After multiple trips through the washer and dryer, my second Kiki Mariko rug is finished.
As you can see from the picture at the top, it is a little bit wonky. The felting came out a little bit unevenly, but I think I’m going to say that just adds character. And this is a rug for us to rub our feet on when we come in from outside, so perfection is not required. It is really soft and dense and squishy, all that a rug should be.
And it used up nine skeins of bulky yarn, making a nice dent in the excessive yarn stash!
It amazes me how much felting shrinks and tightens yarn. It is almost a third shorted than it started. This is what it looked like before it went into the wash the first time:
(It wasn’t as distorted as it appeared in the photo – the flare is an optical illusion due to the angle I took the pic from.)
I felted it as a tube, putting a cotton line through the ends to tighten them and reduce the ruffling that can happen at the edge of felted projects.

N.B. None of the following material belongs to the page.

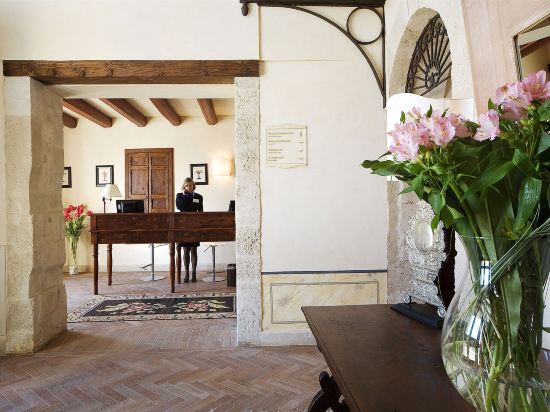 Фото Algila' Ortigia Charme Hotel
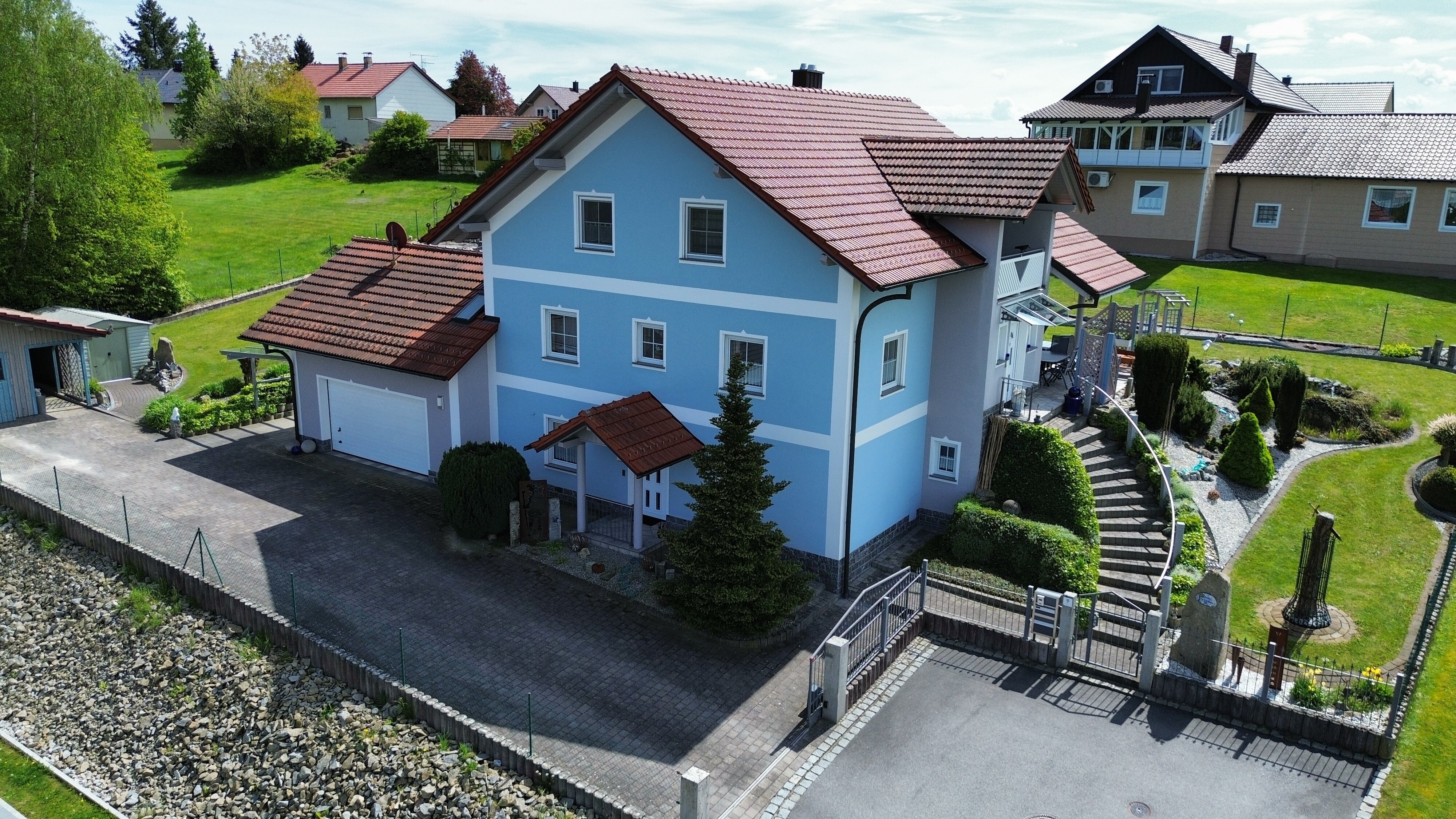 Einfamilienhaus zum Kauf 575.000 € 8 Zimmer 300 m²<br/>Wohnfläche 1.162 m²<br/>Grundstück Forsthart Künzing 94550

It worked better at one end than the other, but trimming took care of some of that later.
After four washes, I cut the tube along the center of the steek.
It was really wildly shaped at that point!
Another trip through the washer flattened it out a lot more, and then I trimmed off the steek remnants and evened out the sides.
It is supposed to have a blanket stitch edging to finish it off, but I don’t know that it really needs it. It isn’t going to ever unravel – the individual strands of yarn are fully stuck together. My other idea, just for looks, it to add a canvas binding.
But for now, I’m going to use it as is. My toes are happy!
Will you put a backing on it so it doesn’t slip? It’s pretty!
LikeLike
It is going on top of a carpet, so I don’t think it will slip as it would on a tile floor. I’m trying to protect the carpet with something washable – we come in the sliding door from the backyard, so all sorts of vegetation gets tracked in, no matter how careful we try to be.